Still, one could fill a small library with books about these people and organizations.  What is to be gained from a new one that attends to the outfit that funded them?  A great deal is the answer.   

First and foremost, virtually all the books in that library recount the origins and early years of individual movements – free speech and civil liberties, racial justice, and labor and their respective organizational homes.  But the Fund’s history in Witt’s hands is that of a unique “workshop” where the leaders, strategists, and thinkers of all three of these movements “convened” and “networked.”   To study their mutual engagements and to put their battles and achievements alongside one another, as he has done, is “to see the interconnectedness of the core projects of modern American liberalism.”  

Witt shows us how the outlook and direction of each of these movements were altered over time by their engagements with one another.   The book, in other words, is not only a wide-angle tale; it is a revelatory dialectical account of the making of mid-twentieth-century liberalism.  Witt’s dialectical insights emerge almost seamlessly from the historical narrative. 

Most striking is the book’s reconstruction of how the early NAACP’s Black leaders, as directors and grantees of the Fund, were pushed and prodded by the era’s white labor radicals (again, including key figures in the Fund’s world, its founder and chief executive, Roger Baldwin among them) to reframe and reimagine many of their efforts in terms of the class struggle and economic democracy -- and how these relationships also pushed the white labor-and-class-struggle-minded radicals to abandon some of their ideological priors about the primacy of class struggle over racial justice, as they were pushed to see how much their socialist and syndicalist orthodoxies failed to fathom about the South’s system of racial subordination and the dynamics of the struggle against Jim Crow. 

Among the fruits of this approach are Witt’s superb portraits of the great Black labor leader and civil rights champion, A. Phillip Randolph and of Charles Hamilton Houston, the brilliant Black dean of Howard Law School and special counsel and key strategist of the NAACP in the 1930s.  Both serve Witt as embodiments of an outlook that blended hitherto separate visions of race emancipation and class liberation. 

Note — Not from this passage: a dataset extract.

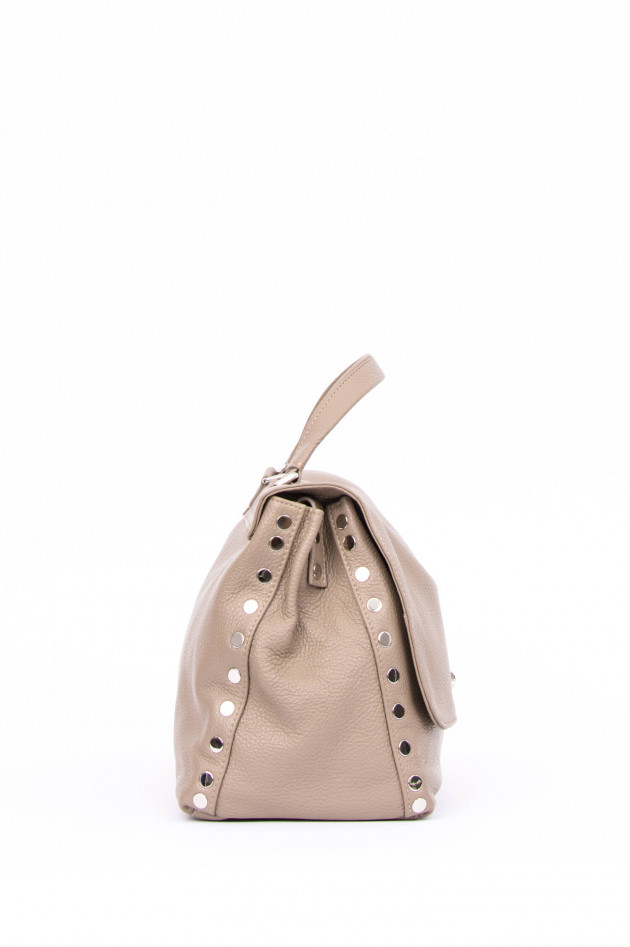 Zanellato Handtasche POSTINO MEDIUM in Taupe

That is not all.  Witt also offers an original exploration of the paradoxical nature of left-wing philanthropy.  The United States may be unique for the outsized role that private foundations have played in funding public goods and thereby shaping a nation’s governance.  The Garland Fund was formed soon after the giant Rockefeller and Carnegie foundations began play their familiar parts in directing and underwriting the course of ameliorative social reform with the aim of softening the ravages of the harshly exploitive new corporate capitalist order from whence came the fortunes they spent.  The Garland Fund set out instead to upend that order, using its tiny portion of the unwarranted gains of capital accumulation.  The big foundations hoped to quell insurgency from below; the Garland Fund hoped to underwrite it.  Witt shows us how the Fund’s own corporate and tax attorneys constructed and defended its endeavors, in a novel study of the possibilities and limits of Audre Lourde’s famous aphorism about using the master’s tools to dismantle the master’s house.

 

 With its tiny portion, the Fund accomplished much.  Its most enduring accomplishment, however, was not the landmark decisions like Brown v. Board nor the industrial unions its grants helped build or any other institution, but instead a deeper and more fundamental discovery about the character of radical reform.  An “amalgam of radicalism and practicality,” Witt suggests, is the hidden legacy of “the world of the Fund.” 

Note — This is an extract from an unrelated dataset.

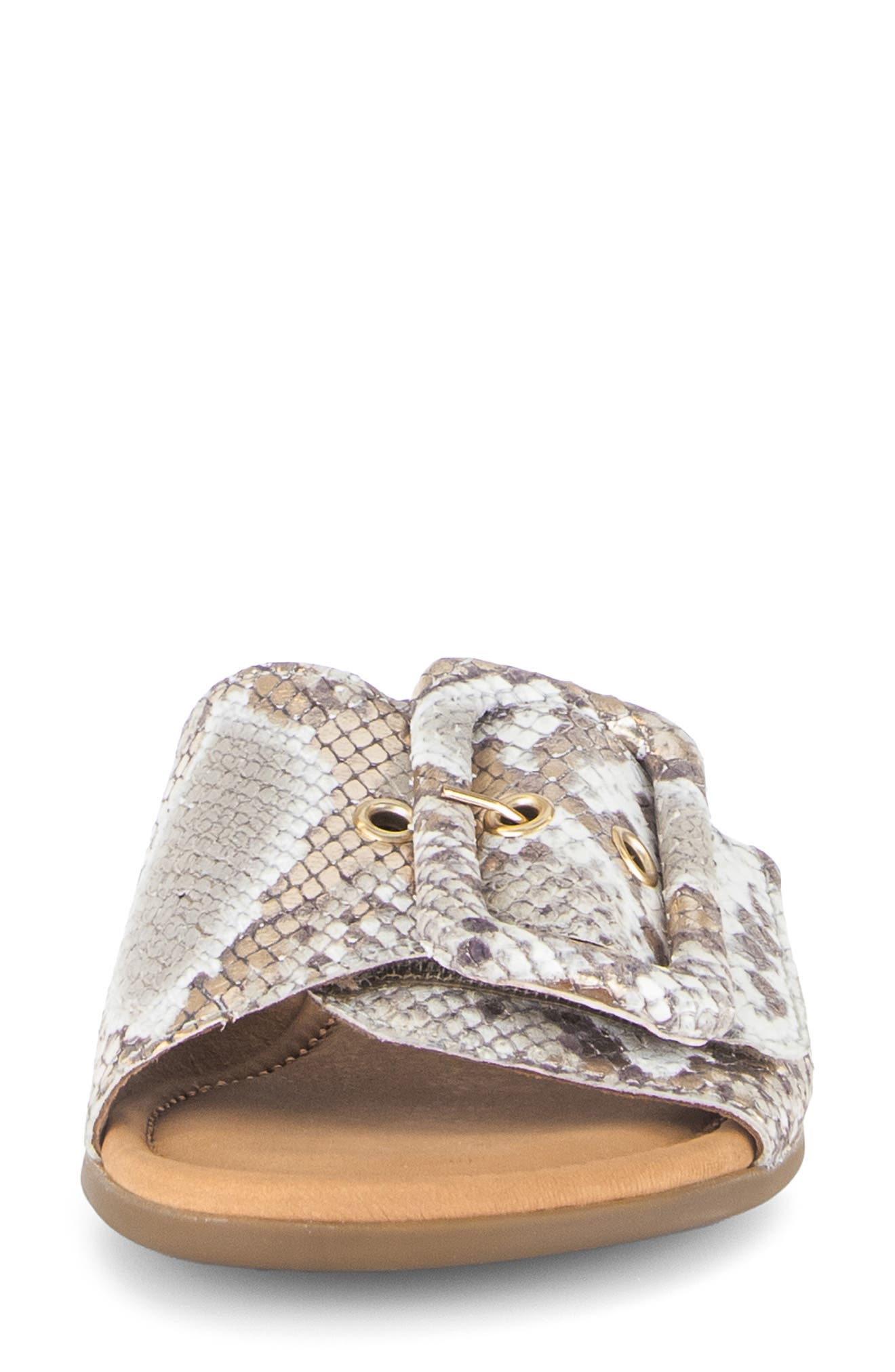 Gabor Buckle Slide Sandal, Alternate, color, Sage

 This “amalgam” threads through the book as Witt “teases out” what he finds to be the recurrent grammar or deep structure of radical reform.   None of the individual actors or organizations on the non-communist, non-syndicalist, liberal left began the journey with this set of premises. None could have discovered them on their own; they had to learn and invent together.

The Garland Fund Board of Directors’ meeting place in Greenwich Village was the room where it happened.   The Fund’s fractious Board meetings brought together – “convened,” as Witt is fond of saying, the heroines and heroes and the irksome villains of Witt’s saga.  The heroes and heroines are the anti-communist socialists, social democrats, and left-leaning progressives and New Dealers: A. Philip Randolph, Charles Hamilton Houston, of course, but also A. J. Muste, Robert Wagner, Frances Perkins, Sidney Hillman, Walter Reuther, and others, who fought to organize the unorganized and dismantle unbridled capitalism and white supremacy but also joined battle with the Fund’s roster of scheming Bolsheviks and  “self-immolating” syndicalists like Elizabeth Gurley Flynn and, much of the time, Roger Baldwin himself, aligned with the IWW (International Workers of the World or “Wobblies”), who dreamed of total revolution and opposed funding grants for the very projects and organizations that embodied the “social democratic vision” and pragmatic radical-reform outlook Witt prizes. 

What motivated this outlook, he argues, was a shared search for a wiser alternative to total, revolutionary rupture as the way to topple capitalist domination and Jim Crow.   And the search succeeded.

What, then, is the hidden grammar that Witt “teases out” of all these happenings?   “Democracy” and “technocracy” are his keywords; they stand for the hot and cold elements of radical but durable social change: a pair of opposing touchstones, in deep tension with one another, yet equally indispensable to the endeavor.   The hot, democratic element is the generation of “passionate” movement energy and solidarity via “social mobilization.”  This provides the “fuel” for radical democratic reform.  The cold element is the technocratic work of legal architecture and institutional design essential to secure democratic gains and ensure that poor and working people continue over time to enjoy a real measure of both political clout and material security, and a real share of voice and authority in the governance of social and economic life.  “Social mobilization” without institutional and legal frameworks is destined to fade away; legal and institutional frameworks without ongoing movement energy are hollow and bureaucratic.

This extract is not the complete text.